Problem description: Verbatim, and with nothing else, reproduce the data below from its first line through the line containing "Akademia Modego Bohatera".

Data:
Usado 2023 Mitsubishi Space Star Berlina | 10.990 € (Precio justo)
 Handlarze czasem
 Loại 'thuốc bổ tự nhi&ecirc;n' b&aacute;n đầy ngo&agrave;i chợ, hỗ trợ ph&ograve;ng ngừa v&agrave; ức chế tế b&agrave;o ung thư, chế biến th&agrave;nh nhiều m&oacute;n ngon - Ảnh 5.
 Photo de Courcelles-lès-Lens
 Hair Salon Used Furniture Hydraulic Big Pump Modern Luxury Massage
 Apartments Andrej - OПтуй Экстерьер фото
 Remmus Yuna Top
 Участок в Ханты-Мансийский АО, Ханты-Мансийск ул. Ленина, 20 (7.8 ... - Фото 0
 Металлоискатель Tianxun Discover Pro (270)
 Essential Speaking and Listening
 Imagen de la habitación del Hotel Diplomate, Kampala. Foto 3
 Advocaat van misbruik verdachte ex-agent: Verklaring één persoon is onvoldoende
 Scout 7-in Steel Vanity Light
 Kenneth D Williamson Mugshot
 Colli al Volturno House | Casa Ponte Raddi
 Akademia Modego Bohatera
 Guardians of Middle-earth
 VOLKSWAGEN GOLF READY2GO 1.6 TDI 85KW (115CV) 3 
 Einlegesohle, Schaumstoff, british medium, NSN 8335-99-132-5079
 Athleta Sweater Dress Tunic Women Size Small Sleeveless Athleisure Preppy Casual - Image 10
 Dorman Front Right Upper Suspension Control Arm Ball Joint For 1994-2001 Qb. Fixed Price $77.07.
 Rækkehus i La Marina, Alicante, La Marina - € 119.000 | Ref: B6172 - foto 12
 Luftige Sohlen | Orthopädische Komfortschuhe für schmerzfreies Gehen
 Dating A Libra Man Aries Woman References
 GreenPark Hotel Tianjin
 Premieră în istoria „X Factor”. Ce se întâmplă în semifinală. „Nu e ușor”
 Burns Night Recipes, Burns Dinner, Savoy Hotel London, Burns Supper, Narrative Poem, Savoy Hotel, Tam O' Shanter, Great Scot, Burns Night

Answer to this exercise:
Usado 2023 Mitsubishi Space Star Berlina | 10.990 € (Precio justo)
 Handlarze czasem
 Loại 'thuốc bổ tự nhi&ecirc;n' b&aacute;n đầy ngo&agrave;i chợ, hỗ trợ ph&ograve;ng ngừa v&agrave; ức chế tế b&agrave;o ung thư, chế biến th&agrave;nh nhiều m&oacute;n ngon - Ảnh 5.
 Photo de Courcelles-lès-Lens
 Hair Salon Used Furniture Hydraulic Big Pump Modern Luxury Massage
 Apartments Andrej - OПтуй Экстерьер фото
 Remmus Yuna Top
 Участок в Ханты-Мансийский АО, Ханты-Мансийск ул. Ленина, 20 (7.8 ... - Фото 0
 Металлоискатель Tianxun Discover Pro (270)
 Essential Speaking and Listening
 Imagen de la habitación del Hotel Diplomate, Kampala. Foto 3
 Advocaat van misbruik verdachte ex-agent: Verklaring één persoon is onvoldoende
 Scout 7-in Steel Vanity Light
 Kenneth D Williamson Mugshot
 Colli al Volturno House | Casa Ponte Raddi
 Akademia Modego Bohatera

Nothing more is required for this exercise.